SALT LAKE CITY — Utah legislators woke up from election night Wednesday morning to a release calling on a change in laws involving the sanctity of the communication between a clergy member and those who may seek forgiveness.
"We want all religions to be more transparent, in terms of their finances, in terms of their corporate policies and procedures, and in terms of their internal statistics on sex abuse," said Ryan McKnight, executive director of the Truth and Transparency Foundation.
The Truth and Transparency Foundation, a non-profit organization that operates the websites MormonLeaks and FaithLeaks, sent a release to Utah legislators this morning calling on a change in state laws that exempt clergy from being forced to report instances of child abuse.
"While it may not prevent all wrong doing," McKnight said, "it helps in trying to achieve as little wrong doing as possible."

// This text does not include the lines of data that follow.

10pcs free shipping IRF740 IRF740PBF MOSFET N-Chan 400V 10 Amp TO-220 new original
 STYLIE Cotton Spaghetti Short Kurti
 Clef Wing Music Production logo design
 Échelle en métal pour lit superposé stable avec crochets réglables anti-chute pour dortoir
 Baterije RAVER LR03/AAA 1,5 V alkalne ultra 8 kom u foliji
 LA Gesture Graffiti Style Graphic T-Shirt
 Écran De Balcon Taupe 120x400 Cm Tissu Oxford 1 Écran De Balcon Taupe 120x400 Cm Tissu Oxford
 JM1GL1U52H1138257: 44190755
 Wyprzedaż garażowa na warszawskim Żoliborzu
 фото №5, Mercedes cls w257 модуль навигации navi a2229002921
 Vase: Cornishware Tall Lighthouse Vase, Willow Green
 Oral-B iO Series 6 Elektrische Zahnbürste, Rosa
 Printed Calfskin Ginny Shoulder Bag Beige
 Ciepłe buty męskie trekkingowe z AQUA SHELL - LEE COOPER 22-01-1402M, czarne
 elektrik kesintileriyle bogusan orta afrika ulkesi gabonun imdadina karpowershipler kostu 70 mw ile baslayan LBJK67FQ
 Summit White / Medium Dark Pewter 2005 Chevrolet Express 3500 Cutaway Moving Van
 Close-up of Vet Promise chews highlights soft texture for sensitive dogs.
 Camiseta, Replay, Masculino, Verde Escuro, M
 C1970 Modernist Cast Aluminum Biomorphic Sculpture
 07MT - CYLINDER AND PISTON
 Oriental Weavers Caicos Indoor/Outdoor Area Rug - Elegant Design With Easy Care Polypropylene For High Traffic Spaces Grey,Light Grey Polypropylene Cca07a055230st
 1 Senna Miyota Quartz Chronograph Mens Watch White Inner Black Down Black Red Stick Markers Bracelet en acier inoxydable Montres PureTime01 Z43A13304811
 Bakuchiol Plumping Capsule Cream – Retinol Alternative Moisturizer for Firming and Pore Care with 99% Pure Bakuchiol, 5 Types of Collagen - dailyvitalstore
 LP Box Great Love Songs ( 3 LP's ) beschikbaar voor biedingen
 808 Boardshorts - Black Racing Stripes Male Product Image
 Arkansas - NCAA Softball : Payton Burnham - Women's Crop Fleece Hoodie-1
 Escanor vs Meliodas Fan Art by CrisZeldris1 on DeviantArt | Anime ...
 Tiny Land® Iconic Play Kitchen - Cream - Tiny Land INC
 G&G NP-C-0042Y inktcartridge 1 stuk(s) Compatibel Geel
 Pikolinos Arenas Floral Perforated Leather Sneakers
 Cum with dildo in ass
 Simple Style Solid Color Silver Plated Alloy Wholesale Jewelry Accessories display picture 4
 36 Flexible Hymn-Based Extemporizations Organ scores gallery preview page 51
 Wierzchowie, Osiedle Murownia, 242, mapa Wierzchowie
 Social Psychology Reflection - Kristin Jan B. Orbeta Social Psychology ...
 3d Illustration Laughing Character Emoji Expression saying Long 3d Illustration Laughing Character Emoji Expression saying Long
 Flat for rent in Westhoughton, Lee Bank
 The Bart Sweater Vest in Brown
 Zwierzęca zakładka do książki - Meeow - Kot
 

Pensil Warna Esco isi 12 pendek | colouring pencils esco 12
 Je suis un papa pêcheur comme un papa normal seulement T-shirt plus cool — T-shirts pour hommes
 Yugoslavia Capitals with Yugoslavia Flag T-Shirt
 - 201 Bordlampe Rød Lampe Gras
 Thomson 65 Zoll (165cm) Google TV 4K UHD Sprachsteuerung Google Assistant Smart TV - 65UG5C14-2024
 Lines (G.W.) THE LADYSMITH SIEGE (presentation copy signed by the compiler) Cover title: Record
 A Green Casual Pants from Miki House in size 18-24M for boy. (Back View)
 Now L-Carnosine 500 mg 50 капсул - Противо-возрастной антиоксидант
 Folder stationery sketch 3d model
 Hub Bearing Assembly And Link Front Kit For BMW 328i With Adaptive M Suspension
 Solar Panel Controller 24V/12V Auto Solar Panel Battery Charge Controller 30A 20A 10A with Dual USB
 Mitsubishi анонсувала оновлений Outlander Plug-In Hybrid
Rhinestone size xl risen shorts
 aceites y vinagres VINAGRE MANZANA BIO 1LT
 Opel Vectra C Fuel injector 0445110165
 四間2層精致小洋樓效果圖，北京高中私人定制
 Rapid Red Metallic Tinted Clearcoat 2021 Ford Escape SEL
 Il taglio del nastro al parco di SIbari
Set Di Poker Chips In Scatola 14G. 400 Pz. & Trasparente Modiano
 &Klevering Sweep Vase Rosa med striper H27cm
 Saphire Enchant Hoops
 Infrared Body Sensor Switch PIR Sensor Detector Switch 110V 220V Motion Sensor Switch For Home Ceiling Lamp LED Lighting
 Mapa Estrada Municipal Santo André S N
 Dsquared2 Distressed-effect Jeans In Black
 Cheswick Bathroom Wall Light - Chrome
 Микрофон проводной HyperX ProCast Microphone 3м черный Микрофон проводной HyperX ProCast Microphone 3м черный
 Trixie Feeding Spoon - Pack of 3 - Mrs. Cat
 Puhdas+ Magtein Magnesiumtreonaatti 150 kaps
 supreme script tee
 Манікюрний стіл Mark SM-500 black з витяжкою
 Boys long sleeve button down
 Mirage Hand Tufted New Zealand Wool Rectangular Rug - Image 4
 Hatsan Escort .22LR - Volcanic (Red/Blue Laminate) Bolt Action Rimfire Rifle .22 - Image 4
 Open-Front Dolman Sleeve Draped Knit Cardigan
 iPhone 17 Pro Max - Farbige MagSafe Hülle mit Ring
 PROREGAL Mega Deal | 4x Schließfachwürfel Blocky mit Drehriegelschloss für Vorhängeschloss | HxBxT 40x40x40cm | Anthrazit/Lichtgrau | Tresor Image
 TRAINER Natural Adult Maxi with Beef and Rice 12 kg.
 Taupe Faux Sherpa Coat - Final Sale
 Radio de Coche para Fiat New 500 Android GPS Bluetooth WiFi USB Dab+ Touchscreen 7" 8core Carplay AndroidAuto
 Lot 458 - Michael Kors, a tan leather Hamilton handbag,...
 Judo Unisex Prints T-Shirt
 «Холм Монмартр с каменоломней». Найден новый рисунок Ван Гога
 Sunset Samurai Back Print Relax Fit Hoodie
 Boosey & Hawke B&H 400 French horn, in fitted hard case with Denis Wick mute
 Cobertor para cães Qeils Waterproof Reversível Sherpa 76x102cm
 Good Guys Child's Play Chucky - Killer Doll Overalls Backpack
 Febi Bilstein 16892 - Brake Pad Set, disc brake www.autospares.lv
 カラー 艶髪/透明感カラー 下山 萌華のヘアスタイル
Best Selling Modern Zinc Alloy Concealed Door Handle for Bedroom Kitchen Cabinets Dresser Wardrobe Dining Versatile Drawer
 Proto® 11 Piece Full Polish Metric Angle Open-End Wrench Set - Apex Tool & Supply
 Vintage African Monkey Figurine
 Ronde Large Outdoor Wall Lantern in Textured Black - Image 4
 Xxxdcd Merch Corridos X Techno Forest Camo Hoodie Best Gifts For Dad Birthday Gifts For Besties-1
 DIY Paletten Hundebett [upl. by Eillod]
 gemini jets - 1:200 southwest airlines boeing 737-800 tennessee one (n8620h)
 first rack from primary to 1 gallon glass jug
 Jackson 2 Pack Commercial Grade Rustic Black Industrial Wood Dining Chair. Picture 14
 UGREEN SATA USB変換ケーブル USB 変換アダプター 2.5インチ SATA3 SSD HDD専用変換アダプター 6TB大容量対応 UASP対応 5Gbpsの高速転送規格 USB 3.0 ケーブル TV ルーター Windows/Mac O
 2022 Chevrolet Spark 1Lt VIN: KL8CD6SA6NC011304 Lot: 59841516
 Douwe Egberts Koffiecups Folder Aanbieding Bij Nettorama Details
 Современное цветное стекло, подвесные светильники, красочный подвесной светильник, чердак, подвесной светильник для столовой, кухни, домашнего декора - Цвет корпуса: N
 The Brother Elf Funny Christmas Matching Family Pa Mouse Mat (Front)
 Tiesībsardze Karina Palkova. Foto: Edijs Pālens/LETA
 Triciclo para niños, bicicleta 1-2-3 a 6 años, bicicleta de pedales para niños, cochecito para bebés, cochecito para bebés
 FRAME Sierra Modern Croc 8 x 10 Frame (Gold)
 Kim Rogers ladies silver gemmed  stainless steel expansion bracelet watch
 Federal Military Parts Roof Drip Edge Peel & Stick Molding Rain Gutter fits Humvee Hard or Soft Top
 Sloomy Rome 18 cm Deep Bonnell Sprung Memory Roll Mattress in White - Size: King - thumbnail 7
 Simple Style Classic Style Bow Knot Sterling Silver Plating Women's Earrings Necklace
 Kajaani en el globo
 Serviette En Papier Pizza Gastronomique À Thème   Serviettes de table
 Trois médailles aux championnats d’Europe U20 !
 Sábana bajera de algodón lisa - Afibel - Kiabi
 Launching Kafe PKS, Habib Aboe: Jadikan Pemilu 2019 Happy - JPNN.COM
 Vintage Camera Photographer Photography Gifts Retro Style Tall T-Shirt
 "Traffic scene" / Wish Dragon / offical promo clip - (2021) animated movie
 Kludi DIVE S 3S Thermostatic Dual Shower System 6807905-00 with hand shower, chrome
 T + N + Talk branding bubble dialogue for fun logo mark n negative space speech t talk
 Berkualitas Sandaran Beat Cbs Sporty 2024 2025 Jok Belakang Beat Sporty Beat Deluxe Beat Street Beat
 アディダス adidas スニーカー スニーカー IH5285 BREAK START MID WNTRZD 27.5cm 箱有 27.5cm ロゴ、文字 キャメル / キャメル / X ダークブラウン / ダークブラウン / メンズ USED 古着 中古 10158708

In the release, the organization states they have published documents that "show that clergy typically and intentionally avoid reporting abuse to law enforcement except in states where they are required to do so."
Utah is one of seven states that frees religious leaders from reporting abuse if they learn about it from the perpetrator.
"But when a perpetrator confesses, the question of innocence or guilt, it’s not even a question anymore," McKnight said, "so why would we not force that person to face justice? It just blows my mind."
McKnight said this change would not infringe on a persons ability to seek forgiveness.
"It doesn’t actually infringe on their ability to repent," he said, "because they can repent from the jail cell."
A representative from the Catholic Diocese says they would be very concerned if lawmakers attempted to legislate the relationship between a priest and their congregation.
"We hope that, at least, we can get the conversation started," McKnight said.
A representative from The Church of Jesus Christ of Latter-day Saints said it is too premature to comment on the release and it’s petition.